Review of REPUBLIC ACT No. 1379: An Act Declaring Forfeiture in Favor of the State any Property Found to have been Unlawfully AcquiredPosted: August 31, 2013
Section 1. Definitions. (a) For the purposes of this Act, a “public officer or employee” means any person holding any public office or employment by virtue of an appointment, election or contract, and any person holding any office or employment, by appointment or contract, in any State owned or controlled corporation or enterprise.
(b) “Other legitimately acquired property” means any real or personal property, money or securities which the respondent has at any time acquired by inheritance and the income thereof, or by gift inter vivos before his becoming a public officer or employee, or any property (or income thereof) already pertaining to him when he qualified for public office or employment, or the fruits and income of the exclusive property of the respondent’s spouse. It shall not include:
1. Property unlawfully acquired by the respondent, but its ownership is concealed by its being recorded in the name of, or held by, the respondent’s spouse, ascendants, descendants, relatives, or any other person.
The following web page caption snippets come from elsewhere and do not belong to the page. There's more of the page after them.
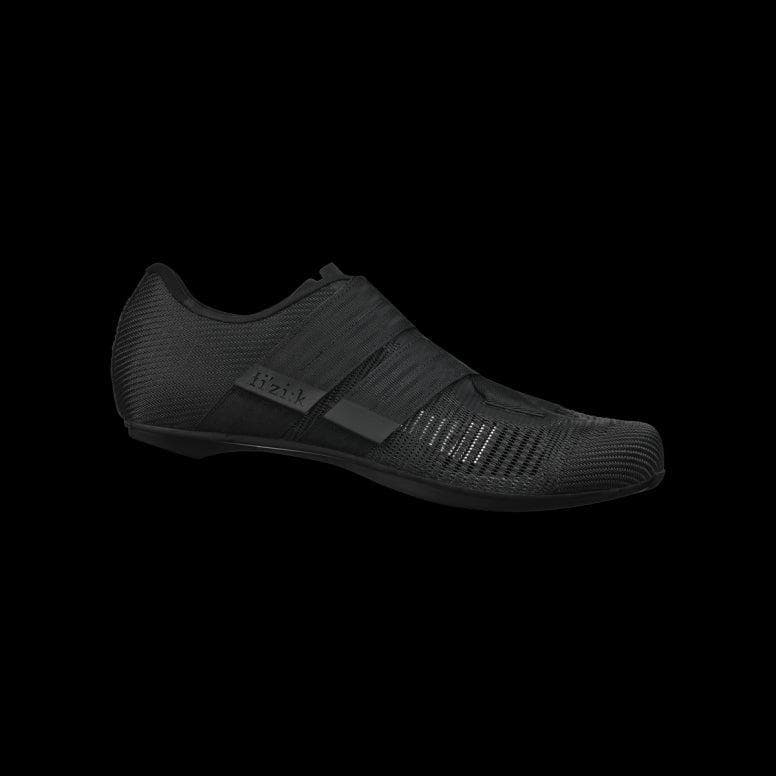 Fizik R2 Vento Aeroweave - Black - 46.5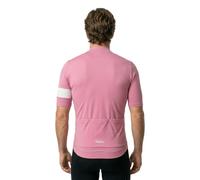 Rapha Maglia A Maniche Corte Core Lightweight Dusty Mauve / White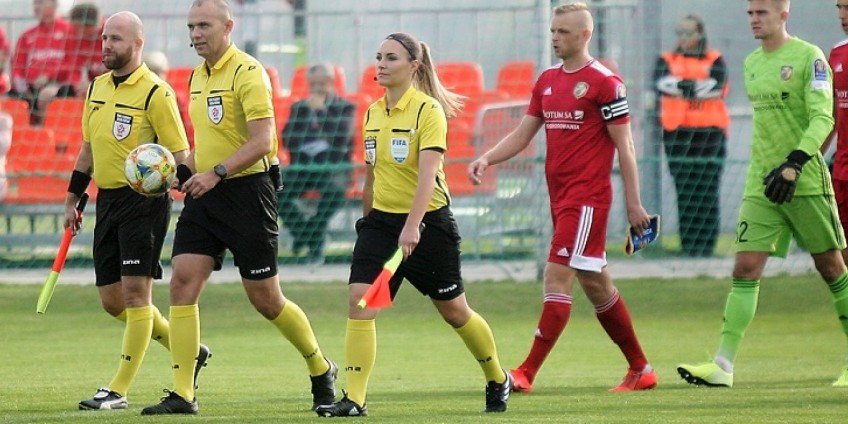 Zapisy na kurs sędziowski we Wrocławiu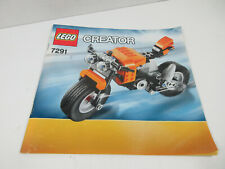 2012 lego 7291 for sale  Hinesville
2. Property unlawfully acquired by the respondent, but transferred by him to another person or persons on or after the effectivity of this Act.
3. Property donated to the respondent during his incumbency, unless he can prove to the satisfaction of the court that the donation is lawful.
Section 2. Filing of petition. Whenever any public officer or employee has acquired during his incumbency an amount of property which is manifestly out of proportion to his salary as such public officer or employee and to his other lawful income and the income from legitimately acquired property, said property shall be presumed prima facie to have been unlawfully acquired. The Solicitor General, upon complaint by any taxpayer to the city or provincial fiscal who shall conduct a previous inquiry similar to preliminary investigations in criminal cases and shall certify to the Solicitor General that there is reasonable ground to believe that there has been committed a violation of this Act and the respondent is probably guilty thereof, shall file, in the name and on behalf of the Republic of the Philippines, in the Court of First Instance of the city or province where said public officer or employee resides or holds office, a petition for a writ commanding said officer or employee to show cause why the property aforesaid, or any part thereof, should not be declared property of the State: Provided, That no such petition shall be filed within one year before any general election or within three months before any special election.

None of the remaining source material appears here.